2026-06-25 · win · experiment F

The question

Before adding any new machinery, we wanted to understand the machine we had. Two knobs control it: how much text it reads, and how much capacity it has. So we asked how prediction scales with each, and how they interact.

What we tried

We took a 100 MB English corpus and ran the counting model across a grid: data from one to ninety times, and capacity from small (short context) to large (long context). One held-out test slice, measured everywhere.

What happened

A small model saturates early. A large one keeps learning, but only once it has enough data.

capacitygain from 90 times more data
small−0.057 (barely moves)
large−0.587, still falling on the last step

The small model was capacity-bound: ninety times the data bought almost nothing. The large model kept improving and had not flattened even at the end of the grid.

And the two knobs are coupled. The large model actually overfit at 1 MB, doing worse than a medium one, but won clearly at 3 MB and beyond. The best capacity is not fixed. It grows with the data.

The lesson

The right size of the model grows with the size of the corpus. With enough data, a bigger model keeps paying; with too little, it overfits.

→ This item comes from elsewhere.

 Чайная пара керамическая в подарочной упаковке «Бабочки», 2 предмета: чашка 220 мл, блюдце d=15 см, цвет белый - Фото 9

This was a steering result. It said the cheapest next wins were scale, more data and more capacity, not clever new mechanisms. And it set up a tension we would resolve later: at small data, extra capacity looks useless, which is exactly the trap that made an early "deeper level didn't help" result look like a wall when it was really just starvation. The fix was to run at a gigabyte, where this law predicts the bigger model should win.

Lineage

Grew from the plain question of how the machine we had scales, asked before adding any new part.

Led to one part repeated, a good fast base to scale, and the gigabyte run that tested this law at full size.

Thread: scale. Data was not the problem, capacity and speed were.